Homework Problems 24

Answers to Homework Problems

(pg. 378, Smart, Modern Geometries, 5th Ed.)

3. Explain why a line in hyperbolic geometry must contain two distinct ideal points.

Solution: Let l be a line and P a point not on this line. If l had only one ideal point, then the two parallel rays through P would both contain this ideal point.

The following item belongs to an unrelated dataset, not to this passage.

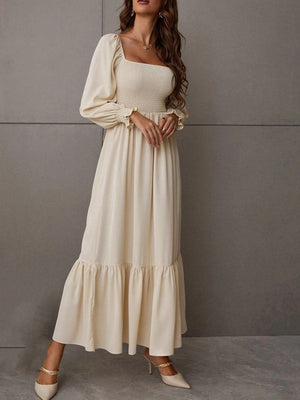 Womens Solid Color Smocked Long Sleeve Tiered Maxi Dress SIZE S-4XL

But since they already have point P in common, they would have to be the same line, a contradiction to the characteristic postulate of hyperbolic geometry.

4. Sketch three omega triangles, all with the same ideal vertex and each two of which also have an ordinary vertex in common.

Solution:

5. Sketch a three-sided figure with two ideal vertices.

Solution:

6. Sketch a three-sided figure with three ideal vertices.

Solution:

7.Name all the omega triangles shown in Figure 9.12

Solution: AB\Omega, AC\Omega, BC\Omega, CD\Omega, CE\Omega, AF\Omega, FB\Omega (where F is the unlabelled point on C\Omega ).

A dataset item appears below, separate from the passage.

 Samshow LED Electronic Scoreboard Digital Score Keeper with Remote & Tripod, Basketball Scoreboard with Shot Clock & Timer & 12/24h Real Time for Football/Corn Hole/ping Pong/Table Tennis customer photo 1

8. Prove that a line intersecting a side of an omega triangle at a point other than a vertex intersects a second side.

Solution:Let AB\Omega be an omega triangle and let M be a point of AB, and C a point of A\Omega.

9. Prove that the sum of the measures of the two angles at ordinary vertices of an omega triangle is less than \pi. (Hint: Use Thm. 9.4)

Solution: Let AB\Omega be an omega triangle with ordinary interior angles at A and B, and let C be the exterior angle at A obtained by extending the line AB. Notice that the angle at A and C are supplementary. If the sum of the angles at A and B is greater than or equal to \pi, then C would have to be smaller than or equal to the angle at B. This contradicts Thm. 9.4, which says that the exterior angle C is greater than the angle at B.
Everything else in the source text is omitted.